§ **How to complete this task**:
Give every line of the material back exactly, images removed.

§ **Data excerpt**:
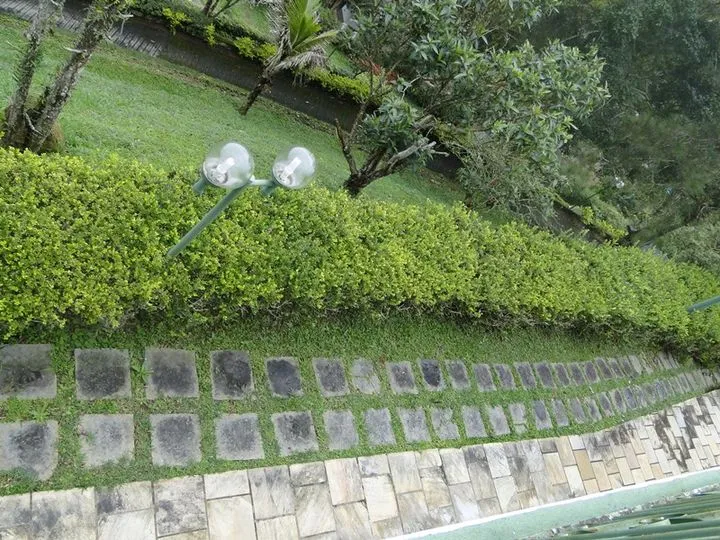 Imagem Casa com 5 Quartos à Venda, 598 m² em Agriões De Dentro- Vargem Grande - Teresópolis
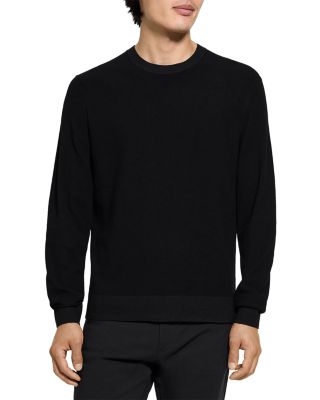 Riland Crewneck Sweater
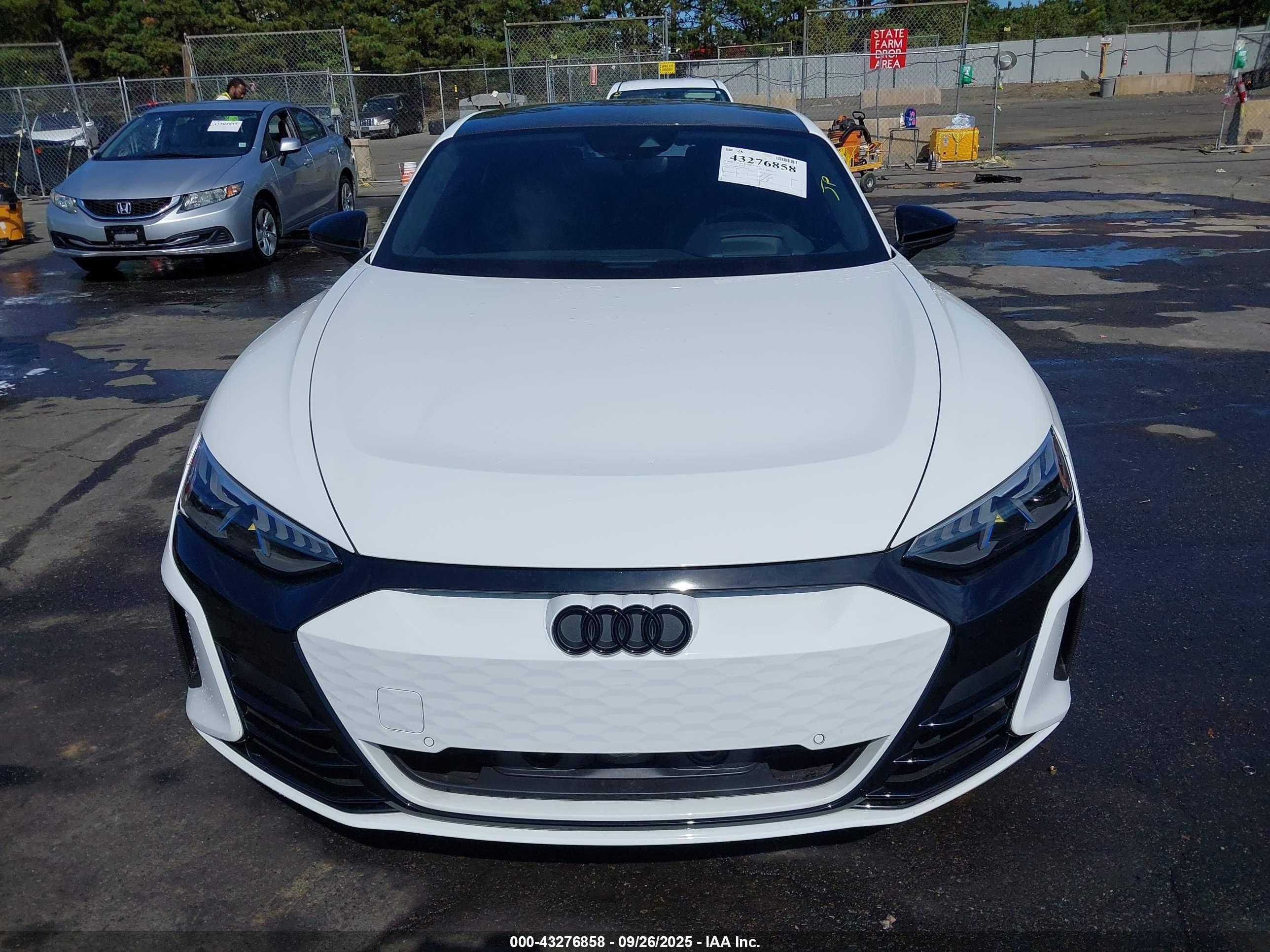 2023 Audi #13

§ **The answer**:
 Imagem Casa com 5 Quartos à Venda, 598 m² em Agriões De Dentro- Vargem Grande - Teresópolis
 Riland Crewneck Sweater
 2023 Audi #13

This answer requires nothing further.